When the guitar was completed they (the builders) loved it, but felt they could do better in getting the true hollow body sound. Someone higher up didn't like the "f" cut outs in the Wolfgang style (I personally loved them) so they did away with those. They were not yet ready to show others at Peavey their creation. So they set this guitar aside and made two more. These next two were set necks instead of a bolt on neck, and the necks were finished mahogany instead of the oiled birdseye necks on the Wolfgang bolt on. The top and back were flame maple and the fretboard was again ebony, this time with pearl dots. They made a few adjustments in the design and these two turned out just the way they wanted them. They sent one to Meridian to show what they had done and kept one in Leakesville.
While likely expecting some ooohs and ahhhhs, it didn’t turn out this way. Peavey was always having a hard time keeping EVH happy and EVH wasn’t into change when it came to his guitars, at least not unless it was his idea. So when they saw this guitar in Meridian somebody wasn't happy. The story goes that somebody said “you can’t show this to Ed”! They were afraid based on past experience that he would lose it if he saw the guitar. So the custom shop was directed to destroy the hollow body guitars and that they never be shown to EVH (or so the story goes).
So you are the guys who just created these beautiful works of art. Not only are you a little dejected because you didn't get the reaction you were hoping for, but somebody got upset Worse yet you are asked to destroy them.
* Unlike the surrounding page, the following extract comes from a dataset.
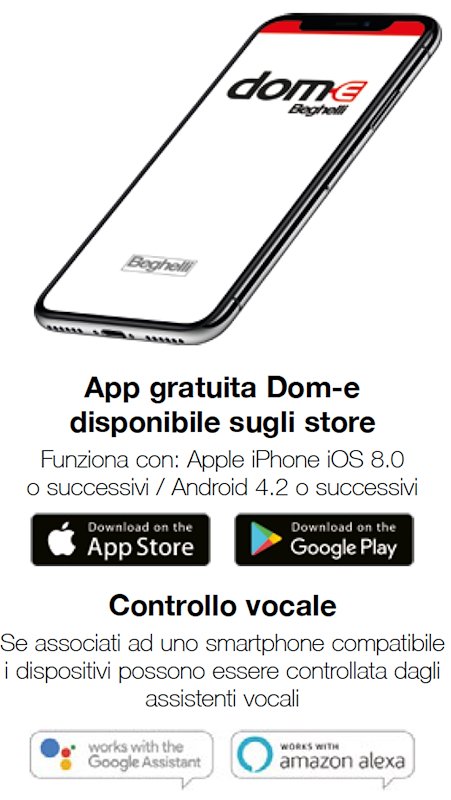 Beghelli - 60021 - Videocamera Motion orientabile da App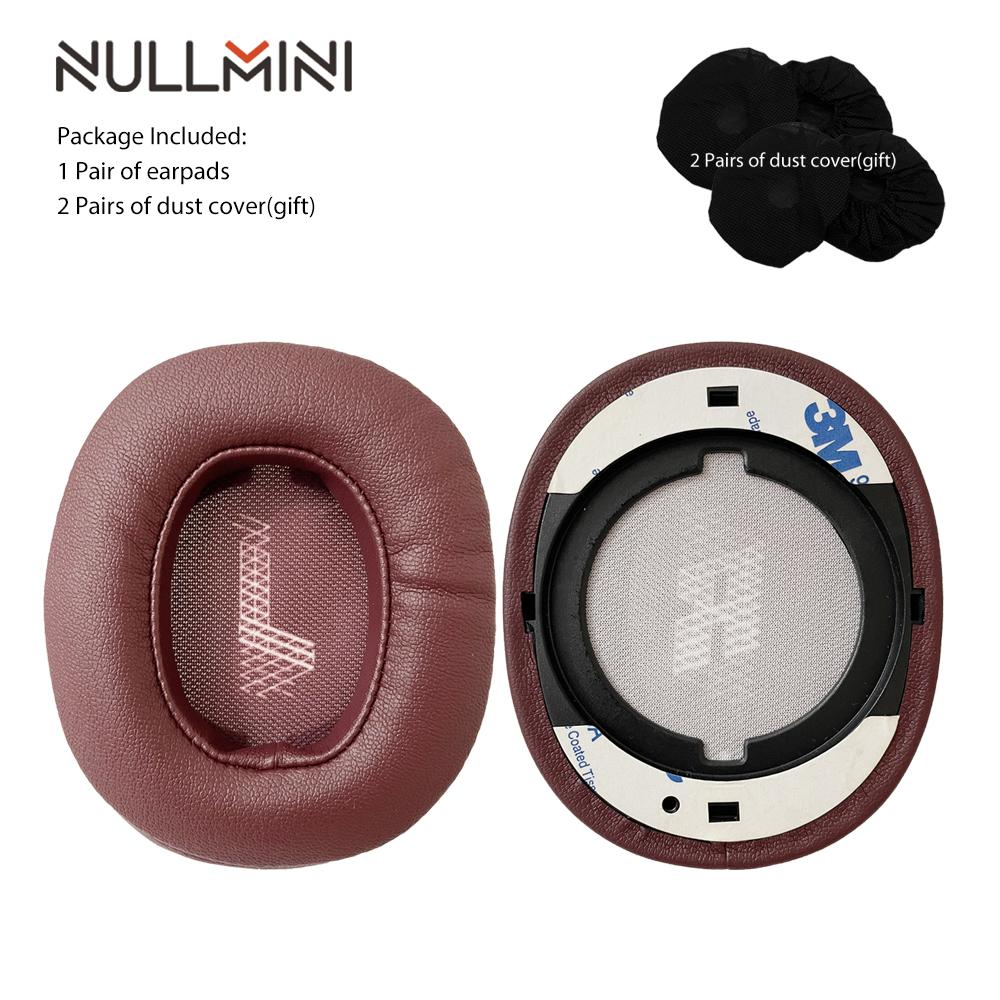 NullMini Replacement Earpads for JBL E55BT Quincy Headset Headphones Leather Sleeve Earphone Earmuff красный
You might as well ask Leonardo Da Vinci to destroy the Mona Lisa. I can promise you there is no way I would have ever been able to destroy those guitars. After being taken to the dumpster they were rescued shortly thereafter. Of course they couldn’t do anything with them publicly because they were not supposed to exist. So they sat until eventually someone decided they should be part of my collection. Who was I to argue! That is how I ended up with these two gorgeous, unique guitars.
You may wonder what happened to a third one that was sent to Meridian (2nd set neck) as I did. It was eventually stripped of its hardware in Meridian and set aside in a corner somewhere. Although, it was a little beat up and had a thick coat of dust on it when it was later discovered, it was able to be restored, which it was by a Peavey employee who couldn't stand to see it like that. So it was salvaged. This particular guitar had special pick-ups wound for it the 2nd time around and there is a coil tap switch. Originally it was like the other one that I have.
To the best of my knowledge Eddie Van Halen was never shown or told about the hollow body Wolfgangs. So unless he is checking out my site (doubtful) he has no idea these guitars exist. It is cool to have a type of Wolfgang that Ed has never seen or played. He is free to come over and check it out (maybe even play it), but no smoking in the house!
I couldn’t show or talk about these guitars publicly until now because I didn’t want to create any problems for anyone at Peavey from the Custom Shop, but since all of the people associated with actually building these guitars and later salvaging them have now left Peavey, it isn’t like anyone is going to get in trouble over it!
I almost forgot….. you probably wonder what they play and sound like. First, they play fantastic. Best feeling hollow bodies I have come in contact with, not that I have played very many. They feel like….. well like a Wolfgang! The bolt on has the same neck so why wouldn’t it? Neither guitar is the classic hollow body. I personally believe they sound best with the neck pick-up. They have a very sweet zone and a unique sound. However, they are not overly versatile. A friend of mine who is a much better guitar player than me came over and tried them. He made them sound beautiful. I gained a new appreciation for them that day. The set neck probably sounds a little better but I like the feel (almost a toss up) of the bolt on better, probably due to the oil finished birdseye neck rather than the finished neck. They are both gorgeous instruments. The bolt on sunburst is truly one of a kind, and the set neck is too, although the other one that was restored is very similar.
I doubt these guitars would have made it in the market and were probably too expensive to produce for the Custom Shop. I don't really know. That is just my personal opinion. Maybe a Ted Nugent version of this guitar would have been cool. If EVH would have seen it, loved it and played it live then it might have caught on, but otherwise a hollow body guitar isn't exactly what you think of when you think of a VH guitar. Peavey probably did the right thing by shelving this idea, but they are still awesome guitars and I feel pretty lucky to have them. You got to keep trying stuff and this guitar is good evidence that Peavey is always doing just that!